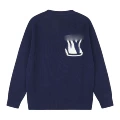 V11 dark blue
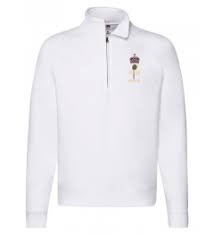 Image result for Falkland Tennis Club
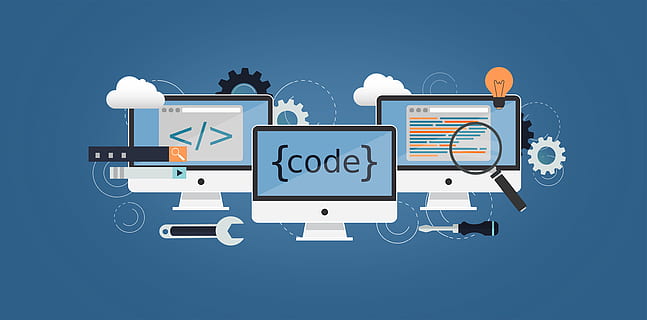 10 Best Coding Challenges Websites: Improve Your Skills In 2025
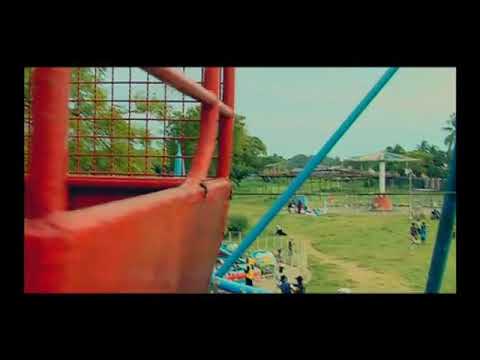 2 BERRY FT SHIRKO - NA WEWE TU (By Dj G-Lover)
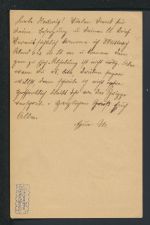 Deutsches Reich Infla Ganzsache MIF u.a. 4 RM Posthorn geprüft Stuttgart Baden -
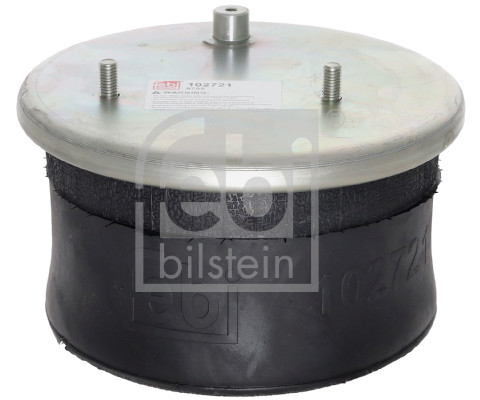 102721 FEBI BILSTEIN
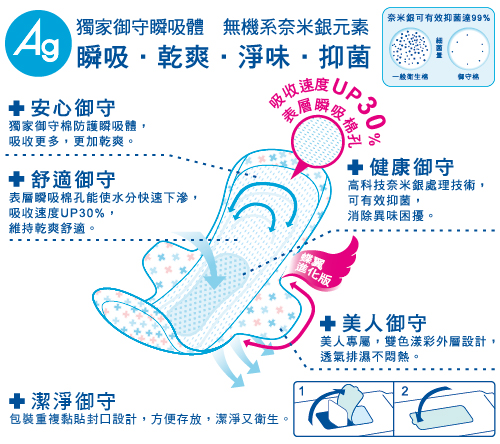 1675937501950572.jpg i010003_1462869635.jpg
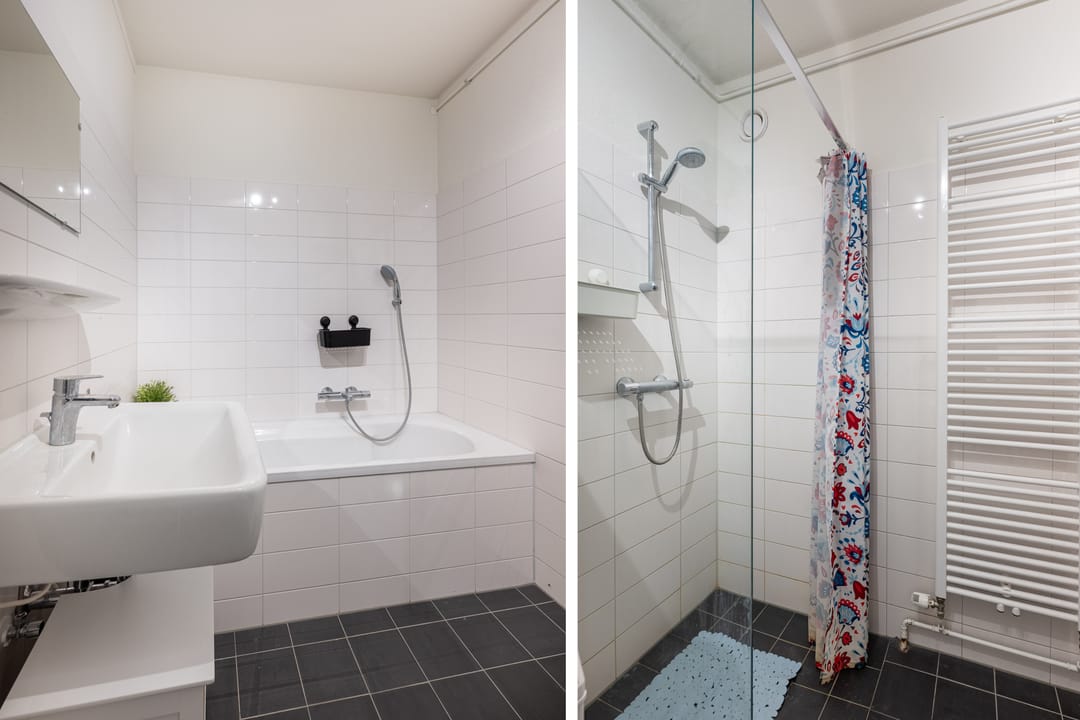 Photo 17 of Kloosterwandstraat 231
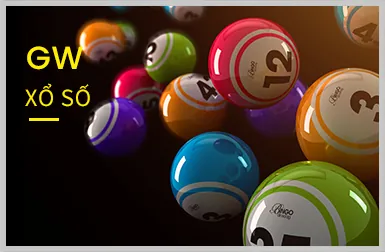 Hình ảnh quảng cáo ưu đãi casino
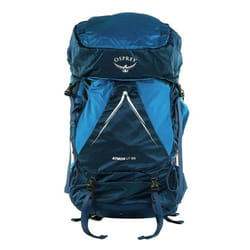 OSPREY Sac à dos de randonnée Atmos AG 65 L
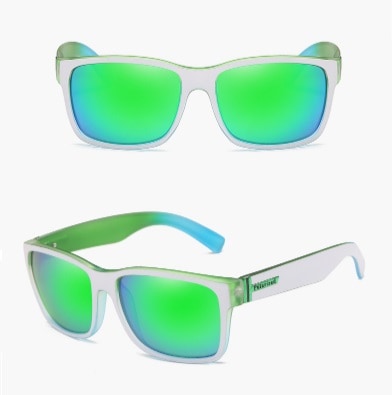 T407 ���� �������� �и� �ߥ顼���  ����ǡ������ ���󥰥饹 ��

#####

■ **Task to carry out**: Write everything in the records out exactly, apart from the pictures.

■ **Exercise output**:
 V11 dark blue
 Image result for Falkland Tennis Club
 10 Best Coding Challenges Websites: Improve Your Skills In 2025
 2 BERRY FT SHIRKO - NA WEWE TU (By Dj G-Lover)
 Deutsches Reich Infla Ganzsache MIF u.a. 4 RM Posthorn geprüft Stuttgart Baden -
 102721 FEBI BILSTEIN
 1675937501950572.jpg i010003_1462869635.jpg
 Photo 17 of Kloosterwandstraat 231
 Hình ảnh quảng cáo ưu đãi casino
 OSPREY Sac à dos de randonnée Atmos AG 65 L
 T407 ���� �������� �и� �ߥ顼���  ����ǡ������ ���󥰥饹 ��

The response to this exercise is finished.